7. Corporate Sales/Business Development (11 persen): Mirip dengan di atas, tapi lebih spesifik di level korporat.

8. Information Technology/IT (10 persen): Meski tampak modern, pekerjaan IT tertentu bisa di-outsource atau diotomatisasi.

9. Engineering (10 persen): Proyek yang ditunda atau dibatalkan langsung berdampak pada insinyur.

10. Legal/Compliance (8 persen): Fungsi pendukung ini juga tak luput dari efisiensi biaya.

Mengapa PHK Massal Terjadi?

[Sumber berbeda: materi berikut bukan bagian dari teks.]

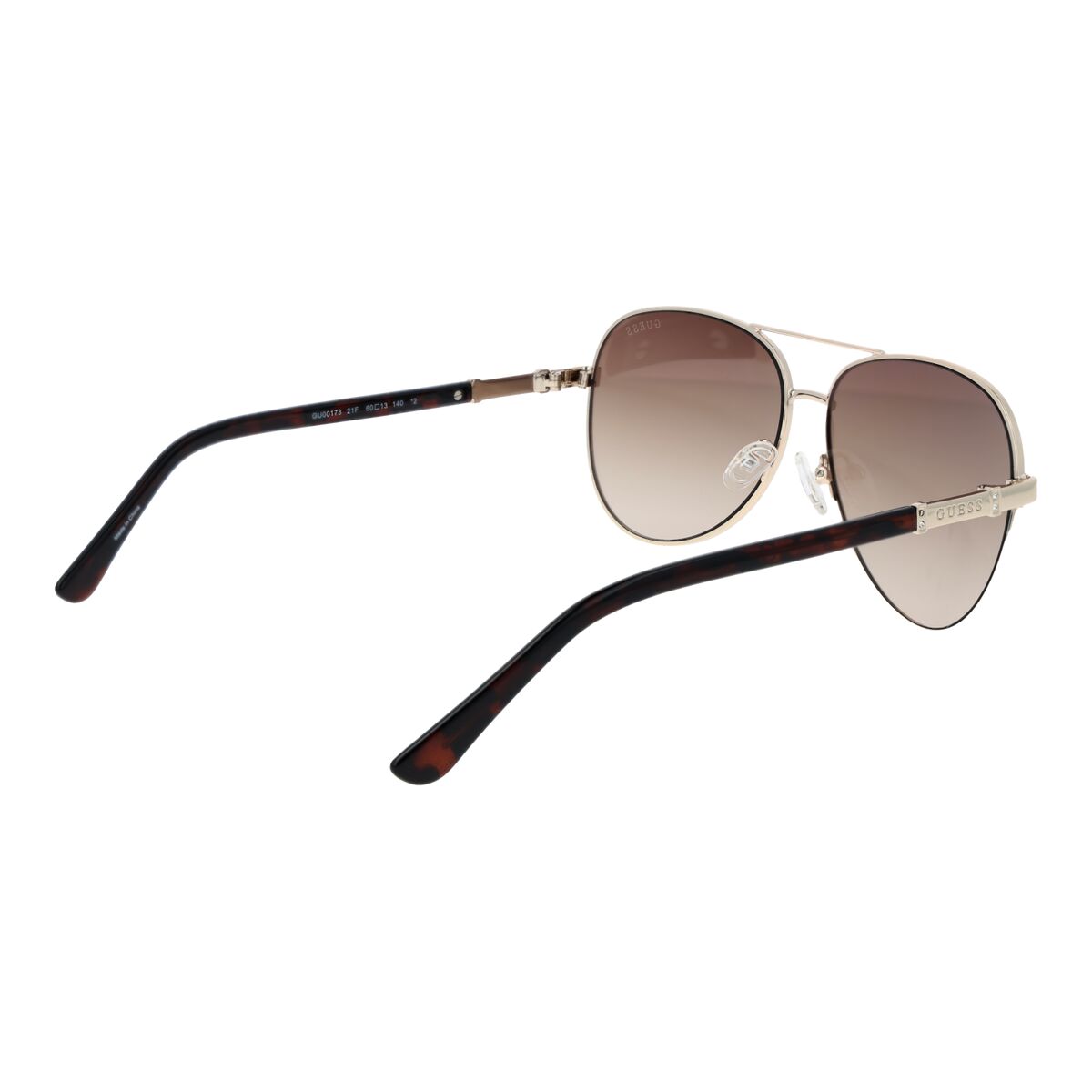 Ochelari de Soare Damă Guess GU00173 6021F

Ini 6 Alasan Utamanya:

Jobstreet juga membeberkan enam alasan utama mengapa perusahaan terpaksa melakukan PHK. Ini bukan sekadar keputusan sepihak, tapi seringkali demi bertahan hidup di tengah badai ekonomi:

Baca Juga:  Hari Kewirausahaan Nasional, Kadin Soroti Manfaat UMKM dalam Kemajuan Ekonomi

1. Mengurangi biaya operasional: Ini alasan klasik. Ketika profit menipis, memangkas gaji dan tunjangan karyawan adalah jalan pintas.

2. Perkiraan kondisi ekonomi yang semakin memburuk: Perusahaan antisipasi duluan, main aman sebelum badai benar-benar menerpa.

3. Menerapkan model kepegawaian yang lebih fleksibel: Ini tren. Perusahaan lebih suka pakai staf paruh waktu, kontrak, atau temporer agar biaya lebih ringan dan tak terikat kewajiban jangka panjang.

4. Restrukturisasi: Perusahaan merombak total struktur organisasi, seringkali berujung pada penghapusan beberapa posisi.

5. Otomatisasi pekerjaan tertentu dengan teknologi: Ini ancaman nyata. Mesin dan AI kini bisa mengerjakan apa yang dulunya butuh banyak tangan manusia. Efisien, tapi kejam bagi tenaga kerja.

6. Penggunaan tenaga outsourcing: Fungsi-fungsi non-inti seringkali dilempar ke pihak ketiga. Lebih murah, lebih praktis, tapi lagi-lagi mengurangi karyawan tetap.

Gambaran ini jelas menunjukkan, pasar kerja di Indonesia sedang menghadapi tantangan serius. Para pekerja wajib berinovasi, beradaptasi, dan mungkin, mempersiapkan diri menghadapi ketidakpastian yang bisa datang kapan saja. 

Era ‘kerja seumur hidup’ di satu perusahaan agaknya sudah jadi dongeng belaka.